Atterman swallowed something.

"Is that honourable?" he asked.

"It's both honourable and intelligent—" she began, but Julius leapt up in a fury.

"I'm not going to allow you to dictate to me," he said, shaking a fist at her. "What am I? Where do I come in?... Am I going to sit here and allow you to interfere with my business—with our business, I should say? I paid seven thousand pounds for a twenty-fifth share—seven thousand pounds." He thumped the table seven times. "If this deal doesn't go through, I am throwing up the business, and I want my money back. The whole thing is in decay. I haven't had a dividend since I've been in it. If you've got these almighty powers, dissolve my partnership, give me a cheque and let me out!"

To his amazement, the girl turned to the lawyer.

"Fix that, Mr Steele," said. "I'll give you a cheque tonight. I don't suppose he means it—"

"I mean every word of it," Julius was stung into saying. "Give me a formal declaration of dissolution and I'll sign it here and now!"

Barbara nodded to the lawyer, and with surprising rapidity he wrote out six lines, blotted it out carefully, and carried it to the end of the table.

"The cheque-book, Mr Lark."

Mr Lark uttered feeble sounds of protest.

'Cheque-book, Mr Lark!" she said, and he rose and crawled out, returning with a large flat book, which he placed before her.

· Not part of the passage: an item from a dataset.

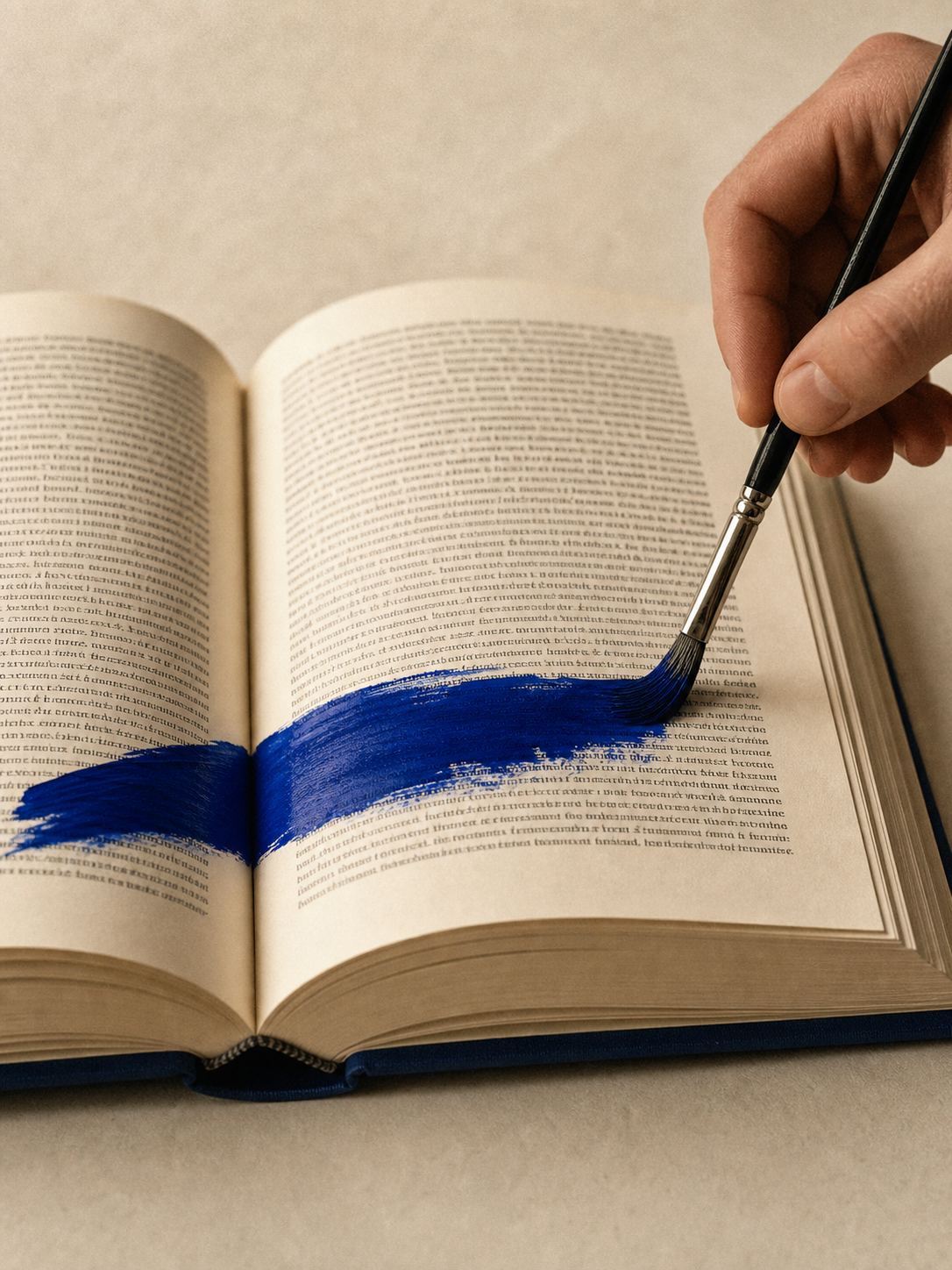 Une main trace au pinceau une bande de bleu cobalt sur la page d'un livre ancien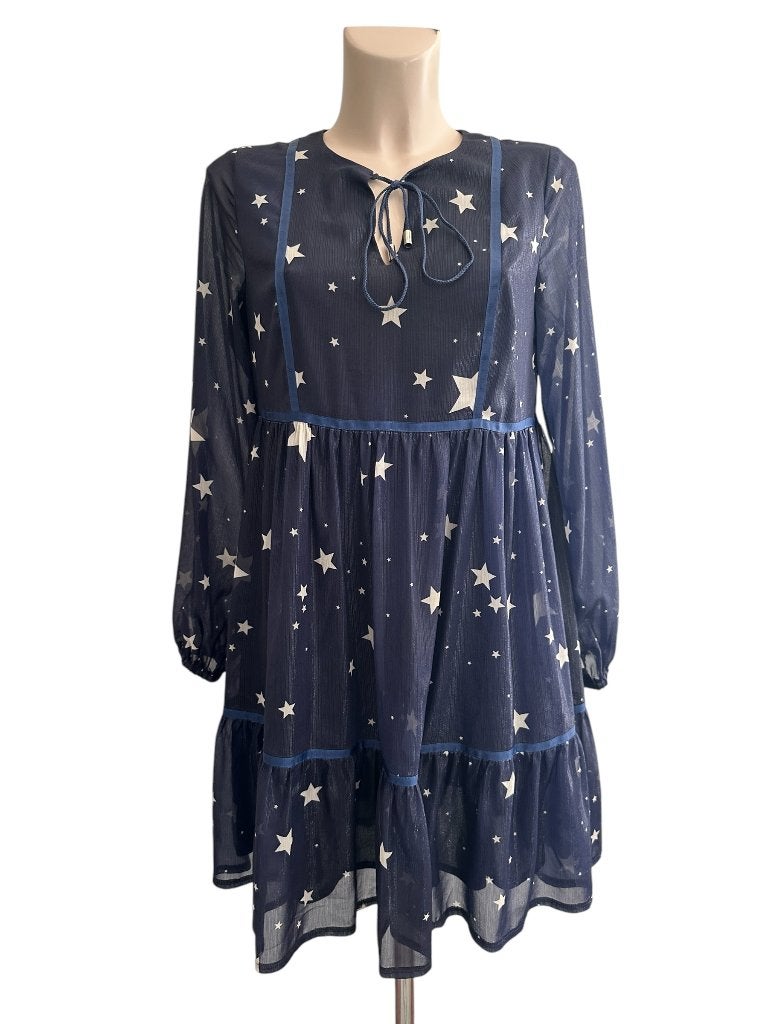Janice jurk S, Kleding | Dames, Jurken, Blauw, Ophalen of Verzenden, Zo goed als nieuw, Onder de knie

Presently he would wake up and detect the cause of this terrible dream. He watched her, fascinated, saw her write "William Ebenezer Maber, by his attorney, Barbara Storr," beneath the polite instructions to the bank to pay Mr Julius Colesberg or at his order the sum of seven thousand pounds. The lawyer came to her for the cheque, examined it carefully, took it back to Julius, and he fixed his name to the document with a tremulous hand. Within an hour after signing his power of attorney, Mr Maber had lost a partner.